On a wooded, 15.5-acre site adjacent to a neighborhood of upscale single-family homes in Fairfield, Connecticut, the Burr Elementary School comfortably blends into the landscape, functioning as a “good neighbor” with its unintrusive scale and subdued, clean-lined presence. Burr Elementary, designed by Skidmore, Owings & Merrill (SOM), is one of two new schools recently built to support current and future growth in the township of 54,800 citizens.
Accommodating 500 students, the school’s design creates a variation on the traditional double-loaded corridor school layout, locating the communal library, art, science, and cafeteria spaces at the center of the two-level plan. Existing trees perforate the footprint, within a series of amoeba-shaped courtyards that function as outdoor classrooms contained in the building volume. Circulation routes occupy the residual spaces between the courtyards, creating a continuous space onto which all classrooms and instructional areas open. As project architect Scott Duncan points out, circulation and sight lines have few obstructions. “This is a school where it is very hard for young children to lose their way,” he says. At the center of the plan is the library/media center, which opens onto an outdoor courtyard furnished with benches. A science courtyard contains a weather station for student experiments. The bus drop-off on the building’s south side and a parent carpool drop-off on the north side avoid the necessity for a perimeter road encircling the school; this traffic planning helps to preserve the view from each classroom directly to pristine woods beyond.
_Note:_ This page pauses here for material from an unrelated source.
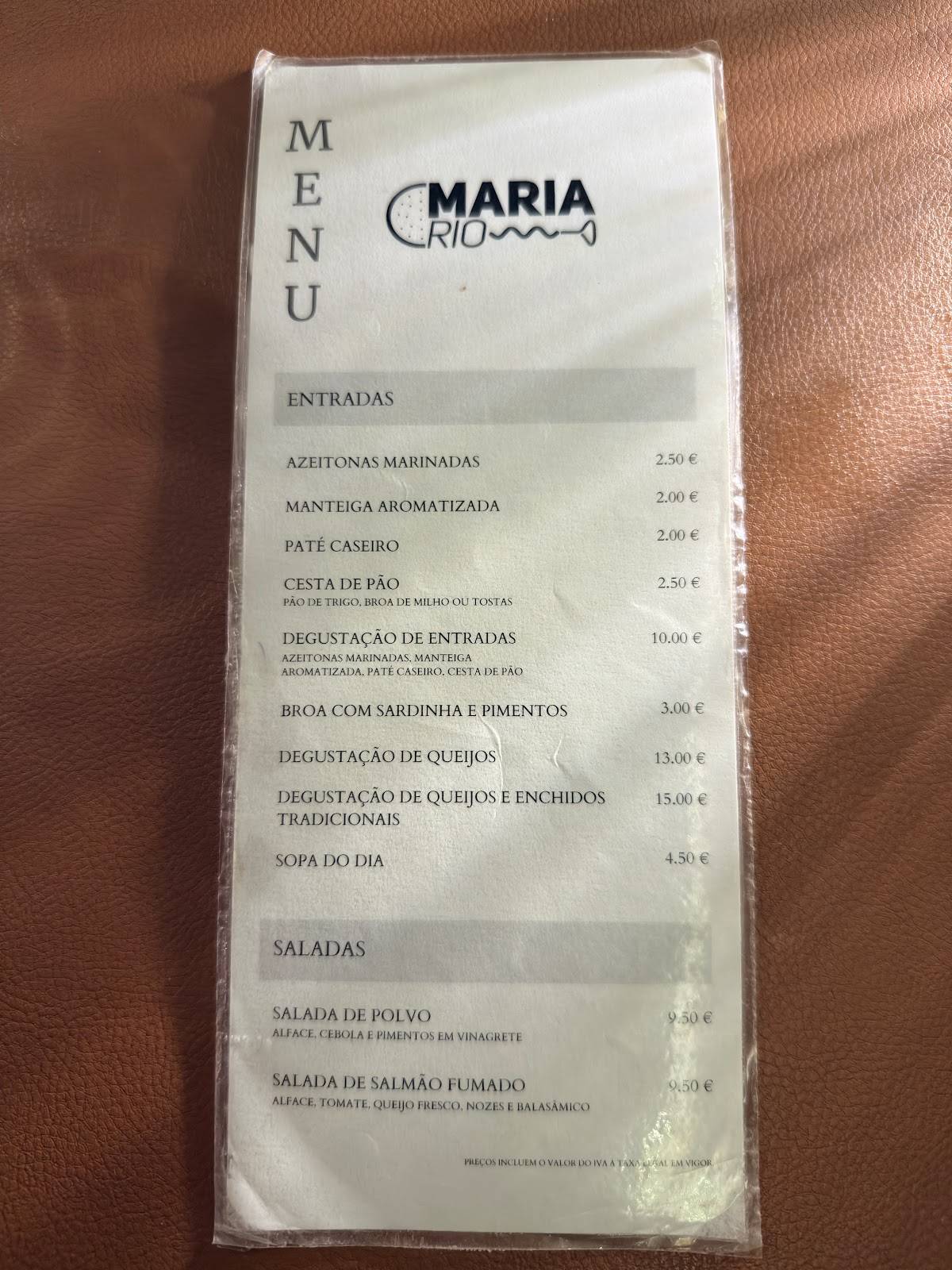 Restaurante Maria Rio меню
Enhanced by an attractive palette of local stone and wood, the design harnesses daylight within a free-flowing plan. Sustainable components include the use of recycled materials, a waste-management plan, and irrigation systems. And an added plus: The roof encloses or “suppresses” all mechanical systems so that neighbors at higher elevations overlooking the school spy only a sculptural plane that functions as a “fifth facade.”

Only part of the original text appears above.